● Listed entries

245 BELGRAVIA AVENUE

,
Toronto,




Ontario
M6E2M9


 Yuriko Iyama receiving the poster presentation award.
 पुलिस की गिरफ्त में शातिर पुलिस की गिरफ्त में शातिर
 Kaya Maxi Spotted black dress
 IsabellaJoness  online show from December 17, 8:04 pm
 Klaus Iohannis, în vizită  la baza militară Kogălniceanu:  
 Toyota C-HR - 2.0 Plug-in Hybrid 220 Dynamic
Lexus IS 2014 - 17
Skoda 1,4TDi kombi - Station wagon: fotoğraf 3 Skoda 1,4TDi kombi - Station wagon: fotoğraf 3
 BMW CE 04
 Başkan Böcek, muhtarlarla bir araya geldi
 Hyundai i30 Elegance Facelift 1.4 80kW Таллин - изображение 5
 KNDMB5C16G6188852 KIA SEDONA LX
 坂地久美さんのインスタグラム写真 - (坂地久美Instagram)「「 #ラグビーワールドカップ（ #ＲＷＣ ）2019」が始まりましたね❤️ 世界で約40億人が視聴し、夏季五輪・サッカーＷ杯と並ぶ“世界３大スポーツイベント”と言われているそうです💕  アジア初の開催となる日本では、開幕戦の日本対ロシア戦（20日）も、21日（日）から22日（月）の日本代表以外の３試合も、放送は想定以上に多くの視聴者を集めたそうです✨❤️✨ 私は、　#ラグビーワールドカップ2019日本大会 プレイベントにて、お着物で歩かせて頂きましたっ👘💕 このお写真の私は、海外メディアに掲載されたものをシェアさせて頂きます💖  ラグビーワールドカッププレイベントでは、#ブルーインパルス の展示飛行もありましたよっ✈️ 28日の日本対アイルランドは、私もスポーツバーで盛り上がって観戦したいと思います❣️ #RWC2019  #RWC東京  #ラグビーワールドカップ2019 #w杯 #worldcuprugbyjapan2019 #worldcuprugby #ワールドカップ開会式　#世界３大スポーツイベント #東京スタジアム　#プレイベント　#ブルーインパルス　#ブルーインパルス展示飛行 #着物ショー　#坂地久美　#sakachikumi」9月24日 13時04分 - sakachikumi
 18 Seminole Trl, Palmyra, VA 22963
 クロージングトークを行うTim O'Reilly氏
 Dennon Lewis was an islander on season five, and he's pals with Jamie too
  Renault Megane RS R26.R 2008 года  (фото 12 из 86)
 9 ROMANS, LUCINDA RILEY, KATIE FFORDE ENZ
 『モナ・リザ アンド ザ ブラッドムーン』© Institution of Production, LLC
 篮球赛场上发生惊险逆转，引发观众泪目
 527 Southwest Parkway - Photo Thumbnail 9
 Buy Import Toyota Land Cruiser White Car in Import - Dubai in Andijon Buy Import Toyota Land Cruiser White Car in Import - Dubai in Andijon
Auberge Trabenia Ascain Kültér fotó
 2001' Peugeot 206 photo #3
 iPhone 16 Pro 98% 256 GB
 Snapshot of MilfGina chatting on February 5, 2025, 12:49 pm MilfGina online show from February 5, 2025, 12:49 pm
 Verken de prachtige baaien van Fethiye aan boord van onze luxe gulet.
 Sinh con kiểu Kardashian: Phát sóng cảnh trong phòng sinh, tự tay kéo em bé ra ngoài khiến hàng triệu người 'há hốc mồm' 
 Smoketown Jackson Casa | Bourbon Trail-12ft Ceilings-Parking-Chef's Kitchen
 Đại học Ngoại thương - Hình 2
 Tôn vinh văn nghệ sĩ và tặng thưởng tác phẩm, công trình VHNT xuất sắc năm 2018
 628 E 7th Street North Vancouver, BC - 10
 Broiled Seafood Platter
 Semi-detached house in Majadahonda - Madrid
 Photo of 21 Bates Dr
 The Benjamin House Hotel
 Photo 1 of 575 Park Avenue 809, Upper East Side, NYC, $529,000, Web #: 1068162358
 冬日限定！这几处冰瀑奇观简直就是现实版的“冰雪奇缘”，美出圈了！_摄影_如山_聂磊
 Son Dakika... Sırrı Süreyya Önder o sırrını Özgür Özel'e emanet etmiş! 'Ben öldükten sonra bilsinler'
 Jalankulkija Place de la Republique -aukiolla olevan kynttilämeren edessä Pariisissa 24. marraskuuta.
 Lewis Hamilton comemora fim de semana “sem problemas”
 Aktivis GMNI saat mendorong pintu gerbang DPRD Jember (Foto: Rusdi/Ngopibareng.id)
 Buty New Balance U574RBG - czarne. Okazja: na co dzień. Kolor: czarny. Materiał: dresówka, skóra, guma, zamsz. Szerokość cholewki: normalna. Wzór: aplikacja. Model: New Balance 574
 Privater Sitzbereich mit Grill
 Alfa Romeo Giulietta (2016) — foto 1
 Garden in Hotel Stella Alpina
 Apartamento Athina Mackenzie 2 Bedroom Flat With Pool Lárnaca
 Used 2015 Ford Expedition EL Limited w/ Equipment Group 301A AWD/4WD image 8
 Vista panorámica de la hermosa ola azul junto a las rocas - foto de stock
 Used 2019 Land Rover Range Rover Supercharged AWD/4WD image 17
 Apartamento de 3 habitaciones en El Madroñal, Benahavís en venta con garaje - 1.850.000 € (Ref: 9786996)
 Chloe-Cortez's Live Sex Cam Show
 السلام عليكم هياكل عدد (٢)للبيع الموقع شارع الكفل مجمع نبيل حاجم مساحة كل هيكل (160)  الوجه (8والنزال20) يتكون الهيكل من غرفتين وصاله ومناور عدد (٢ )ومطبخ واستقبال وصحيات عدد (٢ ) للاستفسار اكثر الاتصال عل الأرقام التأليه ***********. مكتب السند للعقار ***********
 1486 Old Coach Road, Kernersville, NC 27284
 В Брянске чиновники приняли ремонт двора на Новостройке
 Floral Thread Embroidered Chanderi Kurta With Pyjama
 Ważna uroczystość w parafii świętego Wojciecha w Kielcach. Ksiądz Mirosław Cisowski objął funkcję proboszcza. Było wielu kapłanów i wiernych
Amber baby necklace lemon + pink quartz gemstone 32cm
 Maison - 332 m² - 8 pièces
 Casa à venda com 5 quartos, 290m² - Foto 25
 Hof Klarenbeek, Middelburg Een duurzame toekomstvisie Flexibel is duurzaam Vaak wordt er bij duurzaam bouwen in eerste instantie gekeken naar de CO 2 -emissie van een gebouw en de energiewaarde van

● What you will do
When a line above includes the word "image", please list that line.

● Problem solution
 Used 2015 Ford Expedition EL Limited w/ Equipment Group 301A AWD/4WD image 8
 Used 2019 Land Rover Range Rover Supercharged AWD/4WD image 17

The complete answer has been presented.